Adalet Bakanlığı, cezaevlerinde 301 öğrencinin bulunduğunu söylüyor. Ama bu yalnızca kaydı hâlâ açık olanları kapsıyor. Kayıt dondurmuş, okuldan kopmuş, sistemin kıyısına itilmiş daha kaç çocuk var, bilmiyoruz. Bilmek de istemiyoruz galiba. Çünkü her sayı bir utanca denk düşüyor.
19 Mart’tan bu yana 301 öğrenci tutuklandı. Protesto hakkını kullandıkları için. Seslerini duyurmaya çalıştıkları için.
“Başka bir ülke mümkün” dedikleri için. Bayramı parmaklıkların ardında geçirdiler. Kimse seslerini duymuyor. Çünkü onlar artık sadece bir sayıya dönüştü:
“301 tutuklu öğrenci.”
Hepsi bu...
Ama her birinin bir hikâyesi var.
Yarım kalan çocuklukları, eksik büyüyen gençlikleri, göğüslerine kadar çekilmiş acıları var. Onlar birer istatistik değil. Onlar, unutulmamayı hak eden bir kuşak.
Mahir Polat’ın bedeni direniyor. Gençlerin ruhu da öyle.
Ve biz, bu büyük sessizliğin orta yerinde durup sadece izliyoruz. Belki bir gün birisi ölünce üzülürüz.

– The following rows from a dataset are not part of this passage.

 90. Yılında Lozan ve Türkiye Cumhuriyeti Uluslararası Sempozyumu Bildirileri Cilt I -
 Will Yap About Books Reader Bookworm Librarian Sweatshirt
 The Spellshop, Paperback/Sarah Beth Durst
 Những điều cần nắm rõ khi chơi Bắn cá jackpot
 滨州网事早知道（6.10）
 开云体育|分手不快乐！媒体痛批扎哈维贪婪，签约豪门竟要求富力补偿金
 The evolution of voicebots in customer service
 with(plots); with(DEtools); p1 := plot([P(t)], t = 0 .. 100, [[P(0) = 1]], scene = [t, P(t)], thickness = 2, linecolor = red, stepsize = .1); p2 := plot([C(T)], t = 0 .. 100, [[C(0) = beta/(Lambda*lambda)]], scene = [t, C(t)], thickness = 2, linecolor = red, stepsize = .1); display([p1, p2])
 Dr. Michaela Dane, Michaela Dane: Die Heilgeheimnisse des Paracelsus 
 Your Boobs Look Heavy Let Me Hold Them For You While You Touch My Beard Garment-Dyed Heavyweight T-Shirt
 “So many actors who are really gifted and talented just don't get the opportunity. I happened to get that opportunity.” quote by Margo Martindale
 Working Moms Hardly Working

Belki sonra birkaç sosyal medya paylaşımı yaparız.
Hepsi bu...
Ama şunu unutmayalım:
Bu ülkede en kolay şey susmak.
Ve en ağır bedeli sustuklarımız ödüyor.
Bu artık sadece bir adalet sorunu değil.
Bu bir VİCDAN DAVASI...
Mahir Polat da... tutuklu öğrenciler de... aynı soruyu fısıldıyor dışarıya:
“GERÇEKTEN ORADA MISINIZ?"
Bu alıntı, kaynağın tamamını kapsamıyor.